I now either take a drill bit that matches the measurement I just got or I actually have been using and here is another use for the transfer punches. I find one that is closest to my measurement.

It sounds like if I find one that measures the final depth, I would not be making multiple cuts, just a single cut to the finished depth. I thought I was supposed to make several passes in order to insure a good cut. Can you explain this? What would make sense is that you find a bit or punch that matches the depth and then find 2 more that are steps in between to measure the different passes.

To set the correct depth you need to adjust the jig in or out.

This makes perfect sense! I can't wait to try this! I think this will fix the problem. One question on work flow. Assuming I am adjusting it to make 3 passes per grove per thoughts above. Rather than making the adjustment 3 times for each groove (6 grooves, 18 adjustments) Adjust for the first depth, make the first groove path, rotate the piece using the indexing wheel to the other 5 grooves. Once I get back to the original groove, THEN adjust for the second depth, rotate, then do the third depth the same. Is this reasonable thinking? Alternately, see next question, as you recommended.

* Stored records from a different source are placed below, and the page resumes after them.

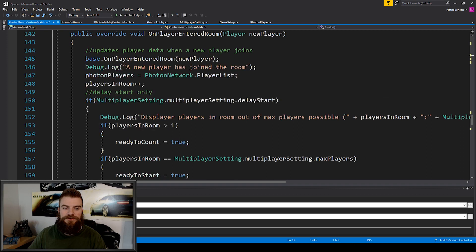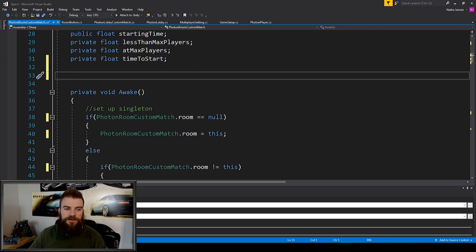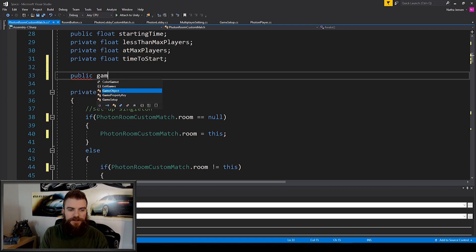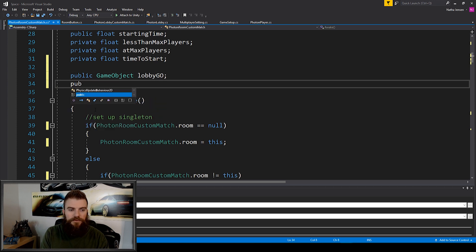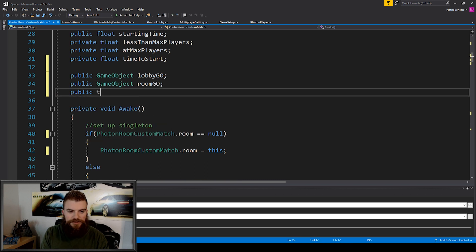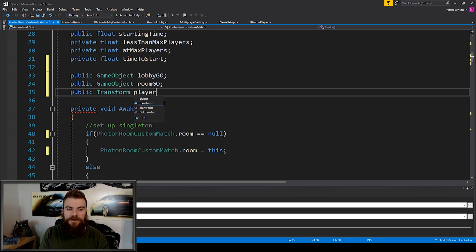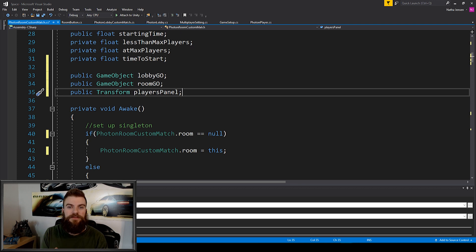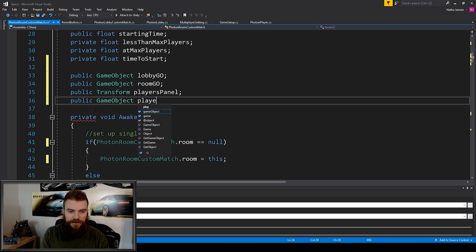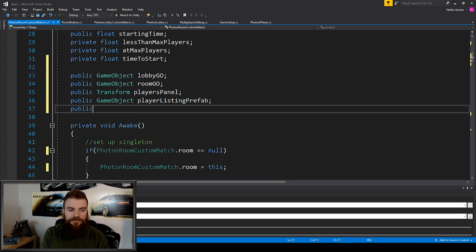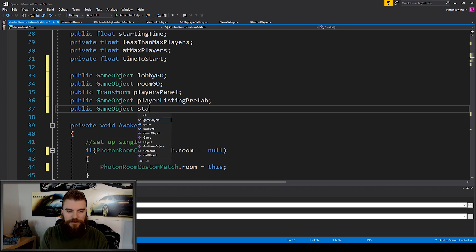Once we have that, we can scroll up to the top to add some new variables. The first will be a public GameObject for our lobby game object. The next will be a public GameObject for our room game object. The next will be a public Transform for our players panel — this will be where we display all the players currently in the room. Then a public GameObject for our player listing prefab, and finally a public GameObject for our start button.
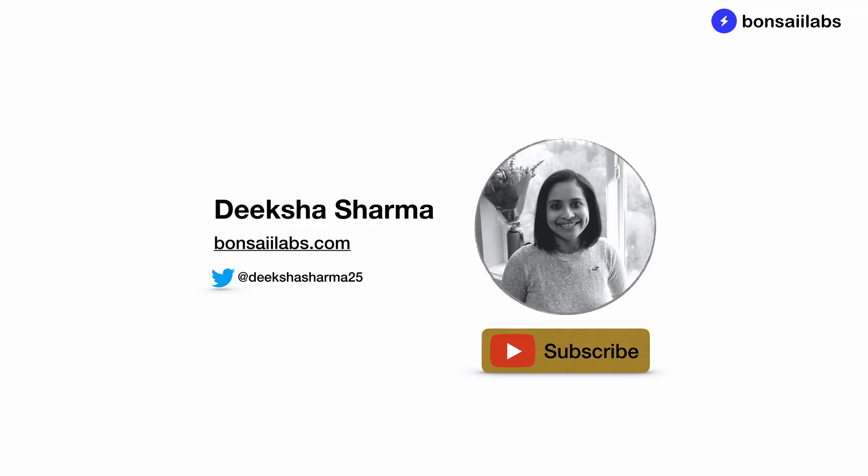I hope this was useful for you. If it was, then be sure to subscribe and until then keep learning and share your knowledge. I'll see you in the next video.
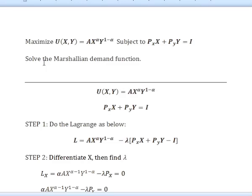Hello guys, welcome back to my channel. Today I'm going to share with you how we are going to solve a monthly demand function. This is my second video following my first video about a monthly demand function.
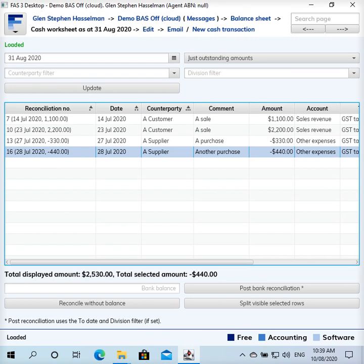Hi, my name is Glenn Hasselman. I'm just making this video for the users of Free Accounting Software to show you guys how to do your bank reconciliation.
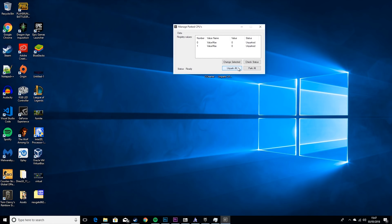You want to just hit Unpark All if this says Unparked, obviously. That'll take a few seconds and then it'll unpark them. Obviously I'm not going to do that because mine are already unparked.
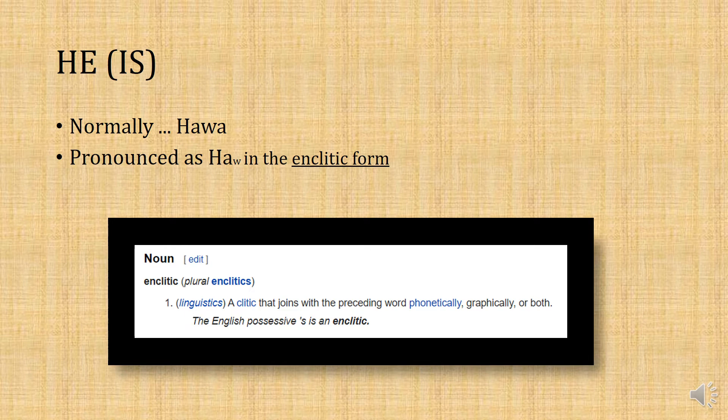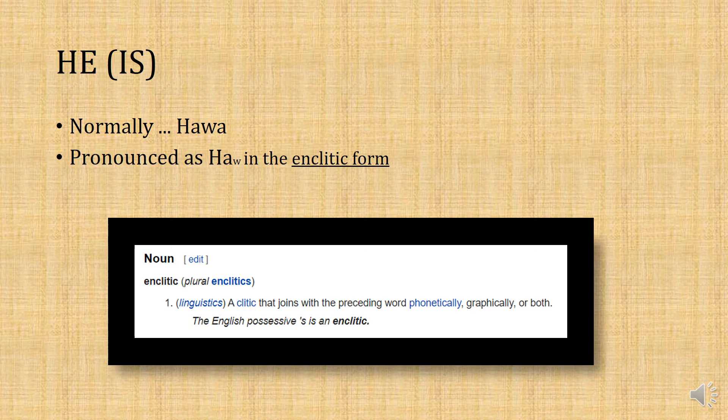The way that we say 'he is' is actually just saying 'he.' Now, normally we would say hoa. However, because in this context he is going to be in the enclitic form — joined to a preceding word either phonetically, graphically, or semantically — we're not going to pronounce that last vowel, so it's just going to be hau.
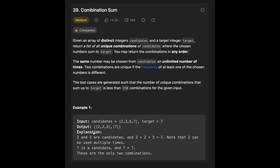Let's see the example. You are given candidates [2, 3, 6, 7] and the target is 7. The output is [2, 2, 3] because those numbers sum to 7, and also [7] itself sums to 7. That's why the output is [2, 2, 3] and [7].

Now you have your depth set. As I told you you need to take small cuts or else the router will climb on you. You advance the router making sure you hold it down square and that it slides evenly over the platform. You back off when you get to the end and again advance the router into the blank untill you finally now have the base riding against the rail on the jig.

So using this method instead of what I suggested above, I would be sort of eye balling the depth of the cuts right? So it might be deeper at first in some spots? I'm just concerned I wont be able to control the router if it's not riding on the rail to begin with.


See I told you it was easy. So now lets see something.

We are not at 'easy' yet. :) I'm hoping if all goes well, I should have something finished in a few days.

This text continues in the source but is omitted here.